In the material below, begin at the line that has "2021 Mercedes-Benz GLS", stop after the line that has "Woman's Shoes", and transcribe those lines exactly, without pictures.

##### The input #####

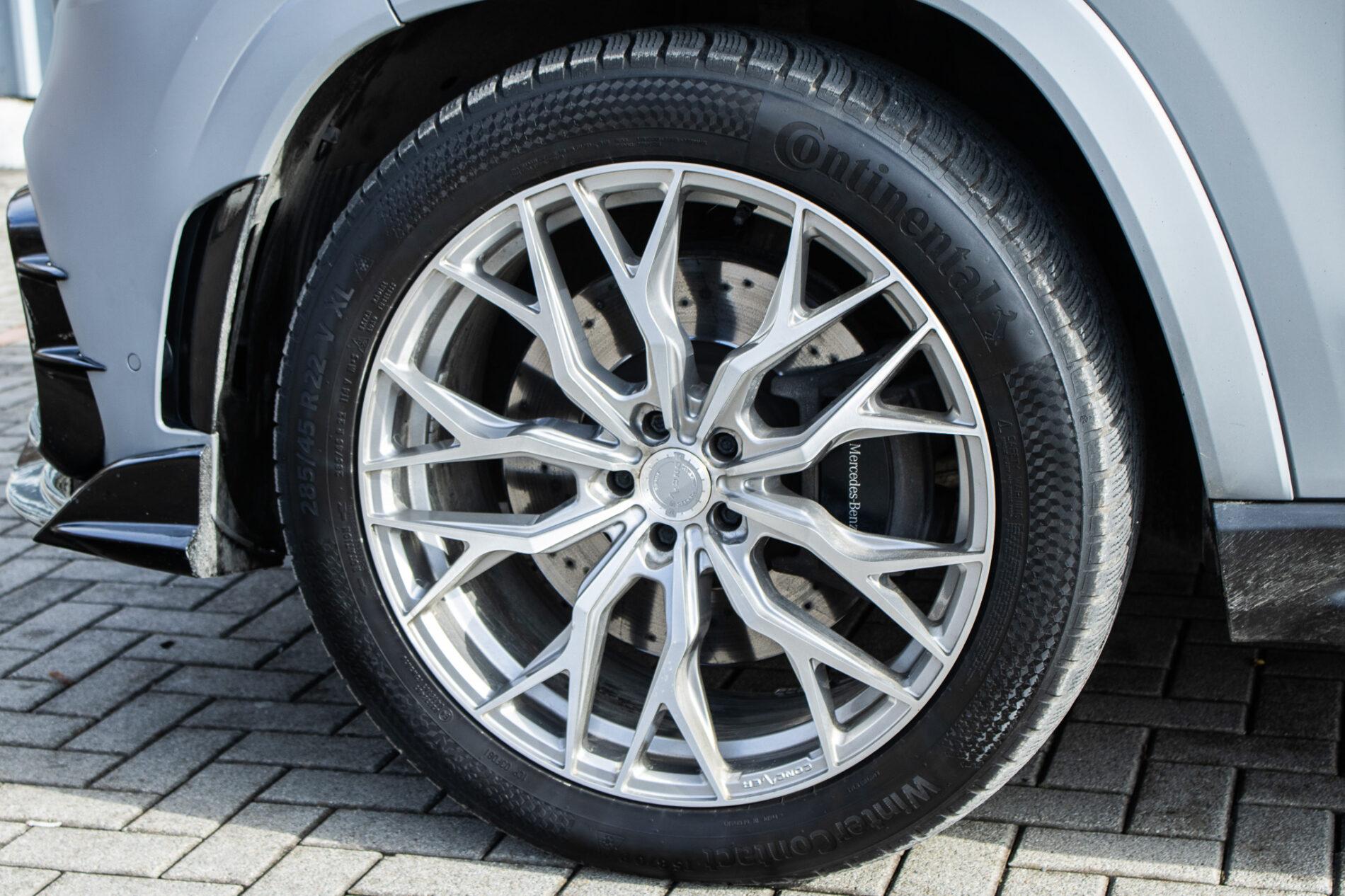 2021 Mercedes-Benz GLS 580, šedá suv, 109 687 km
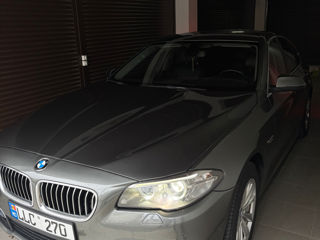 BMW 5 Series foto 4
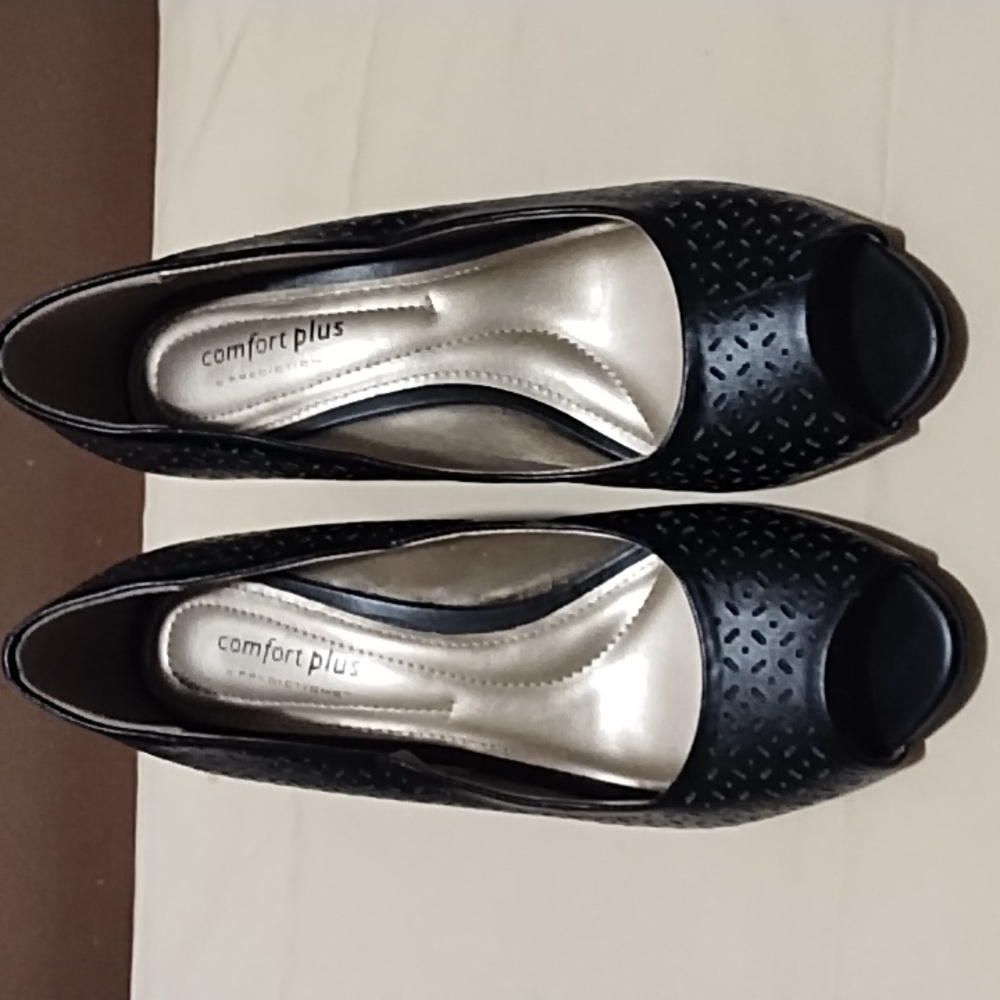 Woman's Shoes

#####
##### The input #####

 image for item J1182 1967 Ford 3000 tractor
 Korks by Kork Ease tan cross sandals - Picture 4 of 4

#####

Written response —
 2021 Mercedes-Benz GLS 580, šedá suv, 109 687 km
 BMW 5 Series foto 4
 Woman's Shoes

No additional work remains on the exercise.